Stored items
···
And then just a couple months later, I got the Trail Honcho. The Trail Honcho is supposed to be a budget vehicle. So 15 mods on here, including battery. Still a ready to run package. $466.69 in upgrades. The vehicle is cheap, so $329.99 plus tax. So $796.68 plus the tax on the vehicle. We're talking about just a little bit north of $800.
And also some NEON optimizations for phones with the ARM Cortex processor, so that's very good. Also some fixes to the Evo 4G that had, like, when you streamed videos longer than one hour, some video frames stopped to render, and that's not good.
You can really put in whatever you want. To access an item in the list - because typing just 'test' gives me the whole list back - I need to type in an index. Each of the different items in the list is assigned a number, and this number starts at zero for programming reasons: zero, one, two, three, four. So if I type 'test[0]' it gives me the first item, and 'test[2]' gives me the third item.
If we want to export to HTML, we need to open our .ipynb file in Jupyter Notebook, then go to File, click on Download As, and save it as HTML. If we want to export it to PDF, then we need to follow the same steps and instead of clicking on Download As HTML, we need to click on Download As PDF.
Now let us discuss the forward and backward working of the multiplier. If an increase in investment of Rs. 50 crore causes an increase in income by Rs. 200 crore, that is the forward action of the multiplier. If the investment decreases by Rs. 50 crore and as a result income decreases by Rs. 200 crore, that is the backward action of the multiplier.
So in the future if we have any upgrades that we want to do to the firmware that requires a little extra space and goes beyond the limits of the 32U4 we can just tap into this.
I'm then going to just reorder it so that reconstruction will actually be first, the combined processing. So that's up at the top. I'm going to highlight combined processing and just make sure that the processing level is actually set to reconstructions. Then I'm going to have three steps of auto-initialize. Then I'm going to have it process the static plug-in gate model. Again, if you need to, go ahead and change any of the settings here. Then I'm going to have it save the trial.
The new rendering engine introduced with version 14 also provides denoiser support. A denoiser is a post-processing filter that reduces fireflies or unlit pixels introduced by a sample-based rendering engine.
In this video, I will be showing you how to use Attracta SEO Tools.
···
__Problem requirements__
From the data above, reproduce word for word the lines running from the line with "And also some" to the line with "You can really", ends included.

__Answer section__
And also some NEON optimizations for phones with the ARM Cortex processor, so that's very good. Also some fixes to the Evo 4G that had, like, when you streamed videos longer than one hour, some video frames stopped to render, and that's not good.
You can really put in whatever you want. To access an item in the list - because typing just 'test' gives me the whole list back - I need to type in an index. Each of the different items in the list is assigned a number, and this number starts at zero for programming reasons: zero, one, two, three, four. So if I type 'test[0]' it gives me the first item, and 'test[2]' gives me the third item.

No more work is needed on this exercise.